Piano anti-barriere per le scuole

Il Comune le abbatterà in cinque istituti: via Diaz, D’Alessandro, Michelessi, Serroni e Villa Vomano
TERAMO. L’abbattimento delle barriere architettoniche in città parte da cinque scuole. È quanto stabilisce una delibera di giunta che da attuazione al piano per favorire l’accessibilità da parte dei disabili alle strutture pubbliche.
Il provvedimento riguarda, in particolare, strutture che ospitano in alcuni casi contemporaneamente asili nido, materne, elementari e medie.
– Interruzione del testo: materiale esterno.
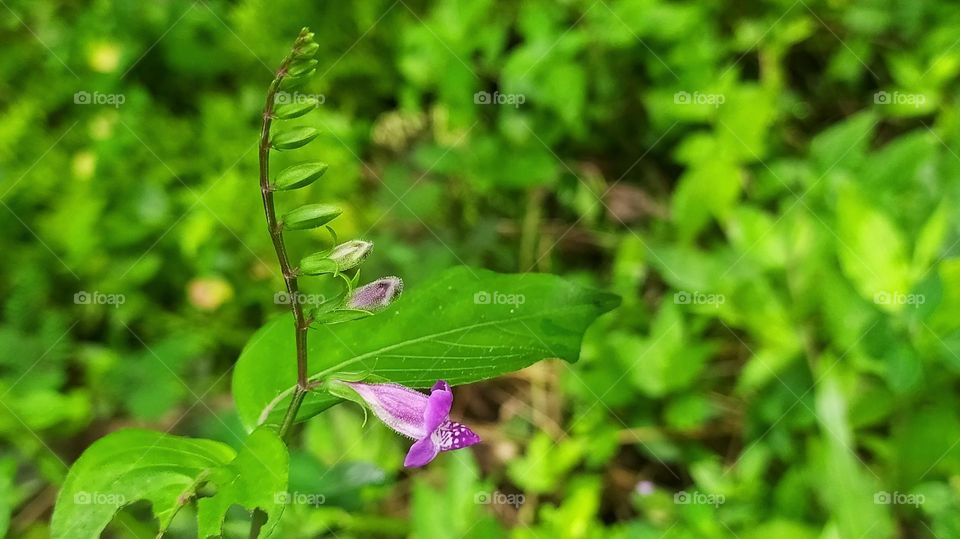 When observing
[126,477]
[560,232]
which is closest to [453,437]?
[126,477]

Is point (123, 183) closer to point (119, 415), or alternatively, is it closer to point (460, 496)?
point (119, 415)

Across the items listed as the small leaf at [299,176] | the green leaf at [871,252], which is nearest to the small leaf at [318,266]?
the small leaf at [299,176]

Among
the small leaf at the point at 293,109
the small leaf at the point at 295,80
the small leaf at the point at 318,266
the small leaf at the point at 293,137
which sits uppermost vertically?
the small leaf at the point at 295,80

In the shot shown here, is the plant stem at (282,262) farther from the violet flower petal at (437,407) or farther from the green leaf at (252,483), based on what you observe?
the violet flower petal at (437,407)

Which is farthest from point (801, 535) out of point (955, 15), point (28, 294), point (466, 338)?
point (28, 294)

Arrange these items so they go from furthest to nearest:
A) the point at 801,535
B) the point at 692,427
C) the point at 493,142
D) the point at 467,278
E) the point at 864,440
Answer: the point at 493,142 → the point at 692,427 → the point at 864,440 → the point at 801,535 → the point at 467,278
Si tratta di Michelessi, il Girasole e la ‘Giuseppe Lettieri' che si trovano nello stesso edificio in via Diaz, il polo formato da D’Alessandro, l’Aquilone e l’Arcobaleno, la Serroni a San Nicolò e la scuola di Villa Vomano. Tra i cinque immobili interessati dagli interventi sarà suddiviso uno stanziamento complessivo di 170mila euro reperiti dal Comune tramite il «decreto crescita» del governo. Lo stanziamento più consistente è previsto per l’edificio di via Diaz a cui saranno destinati quasi 62mila euro. Poco più di 34mila andranno alla Michelessi, mentre 31mila euro serviranno per i lavori nella struttura che ospita D’Alessandro, l’Aquilone e l’Arcobaleno. Alla Serroni spetteranno quasi 22mila euro e per Villa Vomano ne sono stati assegnati 21mila.
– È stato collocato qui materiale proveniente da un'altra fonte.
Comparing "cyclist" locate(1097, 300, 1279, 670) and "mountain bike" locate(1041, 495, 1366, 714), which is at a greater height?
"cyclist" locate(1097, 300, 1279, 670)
Gli interventi saranno realizzati nel corso della prossima estate contestualmente in tutti gli edifici indicati nella delibera. Il via libera al provvedimento, portato in giunta dall’assessore al ‘governo del territorio’ Stefania Di Padova, rappresenta il primo passo concreto del piano di abbattimento delle barriere architettoniche adottato dall’amministrazione cittadina. La decisione di partire dalle scuole non è stata casuale. Per la giunta si tratta, infatti, di un segnale che riconosce la priorità attribuita al diritto allo studio, con piena accessibilità alle strutture da parte dei disabili. Nel piano, comunque, è inserita una ricognizione su tutti gli spazi pubblici che necessitano di interventi per l’abbattimento della barriere architettoniche, stilata dal disability manager del Comune Giuseppe Ciprietti.
Ai lavori nelle scuole, dunque, ne seguiranno altri che interesseranno gli uffici del Comune, a cominciare dalla sede centrale dell’amministrazione nell’edificio dell’ex Banca d’Italia in via Carducci. Il valore dell’atto approvato dalla giunta e della priorità assegnata alle scuole è sottolineato da D’Alberto. «Nel bilancio comunale non esisteva una voce specifica e non era presente alcuna previsione di spesa», afferma, «noi abbiamo introdotto un nuovo capitolo specifico e, dopo aver incluso un finanziamento di 100mila euro a valere sull’esercizio 2020, siamo riusciti a reperire i 170mila euro che ci permetteranno di realizzare gli interventi nelle strutture scolastiche». Il sindaco tiene a evidenziare anche il ruolo di coordinamento del Comune nell’eliminazione delle barriere architettoniche nelle strutture pubbliche. «Ringrazio enti e associazioni che collaborano con noi, oltre alla struttura comunale che si è impegnata con grande professionalità», conclude, «e sottolineo la positività di un metodo che ci consente di realizzare opere nel primario interesse collettivo».